In the original experiment, with and without metabolic activation the proportion of small colonies of test chemical treated cultures differed not very much from the negative control. In the confirmatory experiment, with and without metabolic activation a higher proportion of small colonies at the
highest concentration was observed. Without metabolic activation the occurrence of small colonies was more pronounced. At lower concentrations
the values found were within the range of the negative control.

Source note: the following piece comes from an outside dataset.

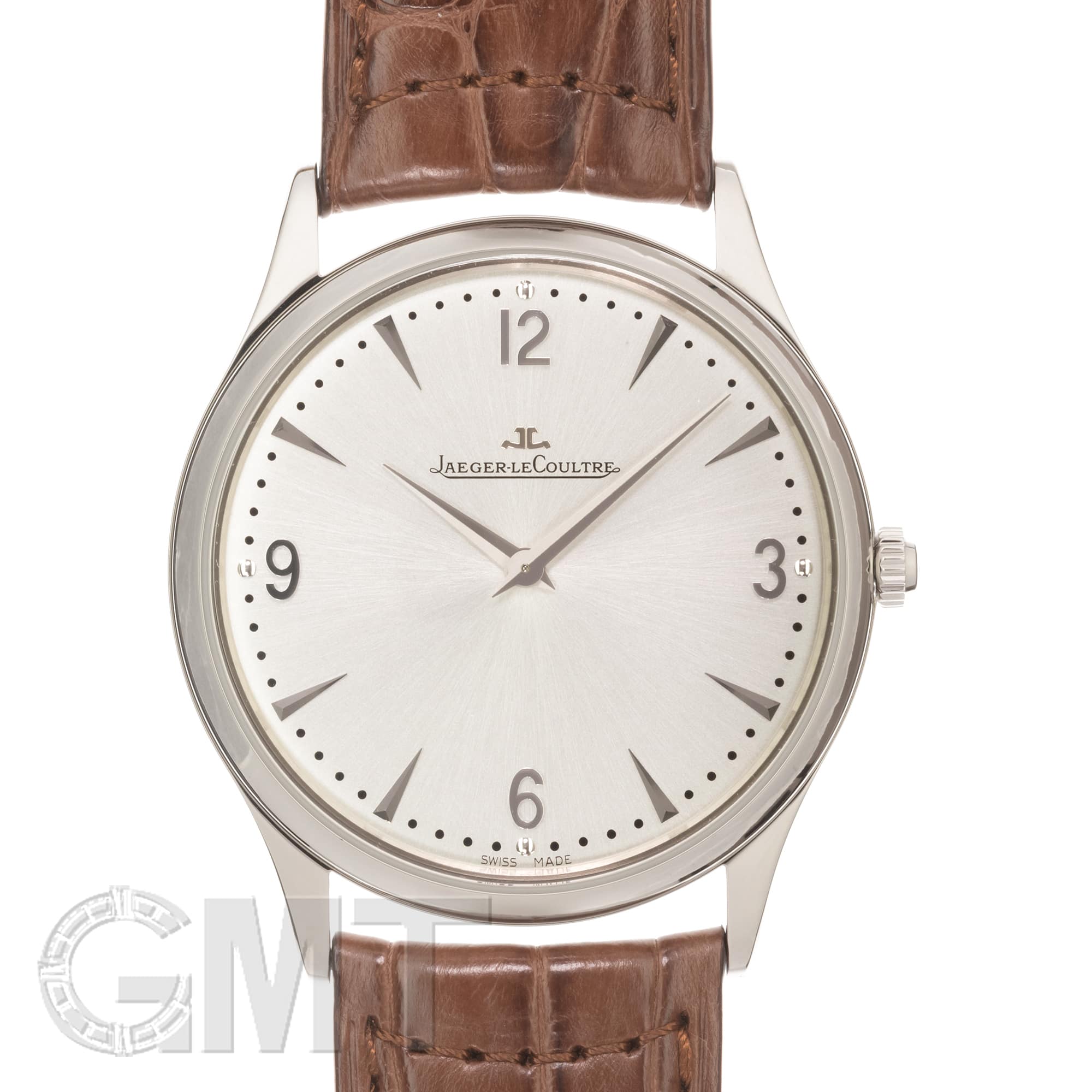 中古)JAEGER LECOULTRE ジャガー・ルクルト マスター ウルトラスリム38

Applicant's summary and conclusion

Conclusions:

Interpretation of results (migrated information):
positive

Based on the results of two independently performed experiments and under the given experimental conditions, it is concluded that TKK 30 009 and its metabolites demonstrated a pronounced ability to induce mutations at the tk locus of mouse lymphoma L5178Y cells in the presence and
absence of metabolic activation.

Executive summary:

TKK 30009 was tested for its ability to induce mutations at the tk locus (5-trifluorothymidine resistance) in L5178Y mouse

lymphoma cells. The study consisted of a preliminary cytotoxicity range-finder and two independent experiments, each performed with

and without metabolic activation by an Aroclor 1254 induced rat liver post-mitochondrial supernatant (S9 fraction).

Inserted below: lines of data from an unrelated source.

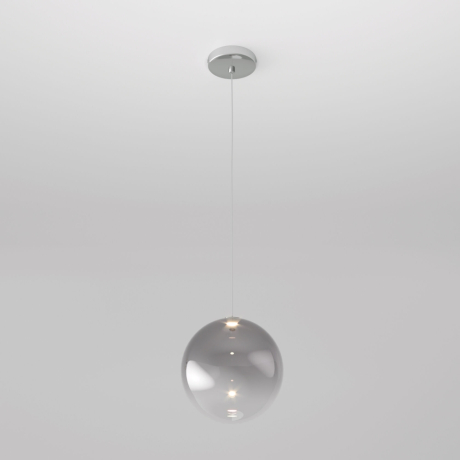 Подвесной светодиодный светильник Wonder Eurosvet 50230/1 LED дымчатый 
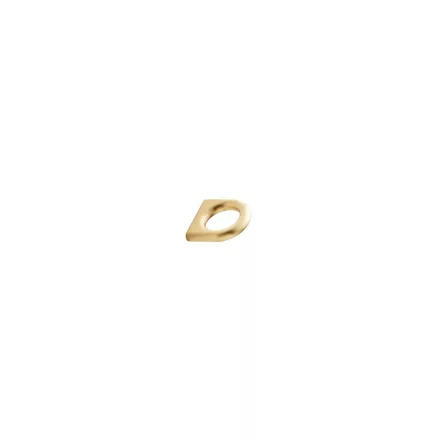 Fogantyú Furnipart LUCK   32mm, fém, fényes arany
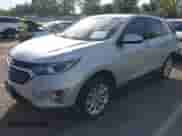 2019 Chevrolet Equinox LT с VIN 3GNAXKEV1KS546731, выставлен на аукционе IAAI как лот 43321341 с пробегом 39 235 миль миль и . История ставок и продаж доступна на DreamBid. Изображение 2.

In a first range-finder experiment the concentrations applied ranged from 0.57 to 1170.00 µg/ml separated by 2-fold intervals.

In the part with metabolic activation the highest concentration resulting in surviving colonies was 73.13 µg/ml yielding a relative survival of 3.16%. In the part without metabolic activation cells did not survive the treatment with TKK 30009 down to the concentration of 1.14 µg/ml. Therefore the part without metabolic activation was repeated with concentrations ranging from 0.30 ng/ml to 0.60 µg/ml. At the top concentration the relative survival was 8.97%.

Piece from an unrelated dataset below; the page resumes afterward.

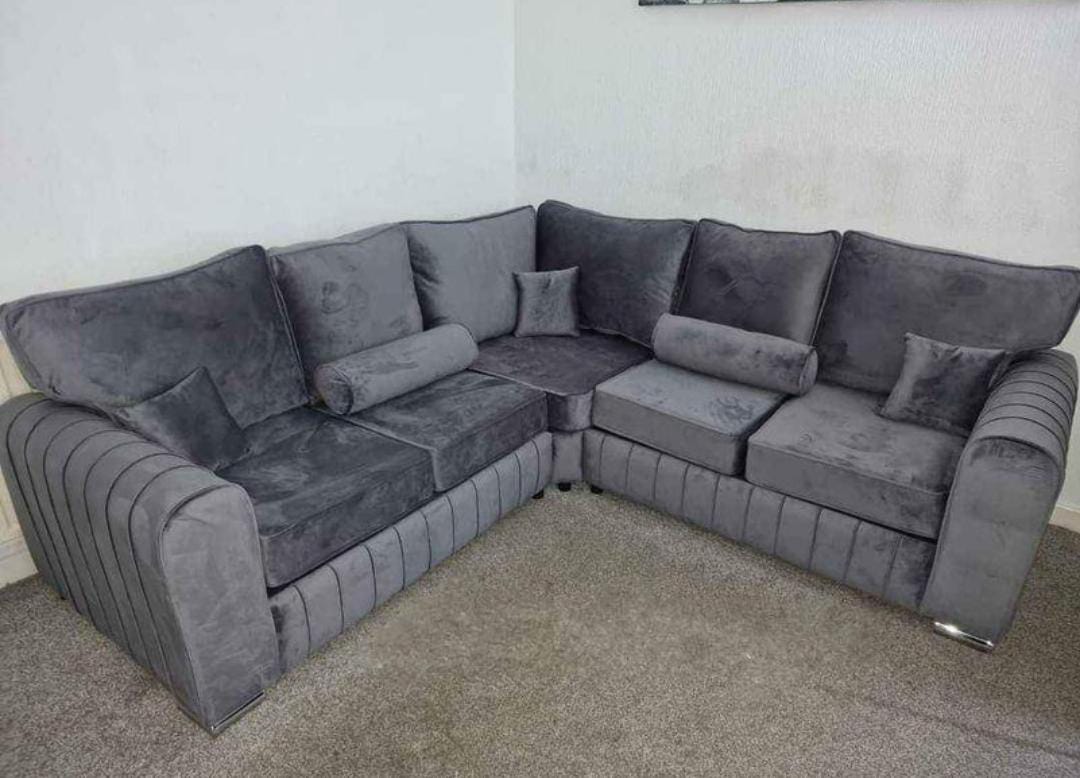 Lilly Velvet Sofa Set – Stylish, Modern & UK Nationwide Delivery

Accordingly, 5 concentrations were chosen for the first mutagenicity experiment, separated by 2-fold intervals and ranging from

2.25 to 36.00 µg/ml in the part with metabolic activation and from 0.02 to 0.30 µg/ml in the part without metabolic activation. All

concentrations were plated for viability and 5-trifluorothymidine resistance two days after treatment. At the highest concentrations the zero hour survival was 46.73% and 52.06% in the presence and absence of the S9 fraction. Due to a not very pronounced zero hour

toxicity in the original experiment, in the confirmatory experiment the highest concentrations were chosen to be 54.00 µg/ml and

0.45 µg/ml with and without metabolic activation. The four lower concentrations were the same as in the original experiment. With

metabolic activation the relative survival at the highest concentration was 3.58%, without metabolic activation the value found was 14.87%.

Negative (vehicle) and positive control treatments were included in each experiment with and without metabolic activation. The

mutant frequencies of the negative controls were within normal ranges and the positive controls N-nitrosodimethylamine (DMN, with

S9) and ethylmethansulfonate (EMS, without S9) produced statistically significant increases of mutant frequency.

In the part performed with metabolic activation, reproducible statistically significant and concentration-related increases in

mutant frequency were observed in the two experiments at concentrations of 9.00 µg/ml and higher. In the original experiment,

without metabolic activation, statistically significant and concentration- related increases in mutant frequency could be observed

at concentrations of 0.15 µg/ml and 0.3 0 µg/ml. In the confirmatory experiment statistically significant and concentration-related

effects could be observed down to a concentration of 0.04 µg/ml.

At the highest concentrations tested with and without metabolic activation an increased proportion of small (slow growing) mutant

colonies was obtained, indicating the induction of large genetic damage (chromosome aberrations).

Therefore, the results of the Mouse Lymphoma Mutagenicity Assay indicate that, under the conditions of this study, tris(oxiranylmethyl)benzene-1,2,3-tricarboxyl was concluded to be positive with and without S9 metabolic activation.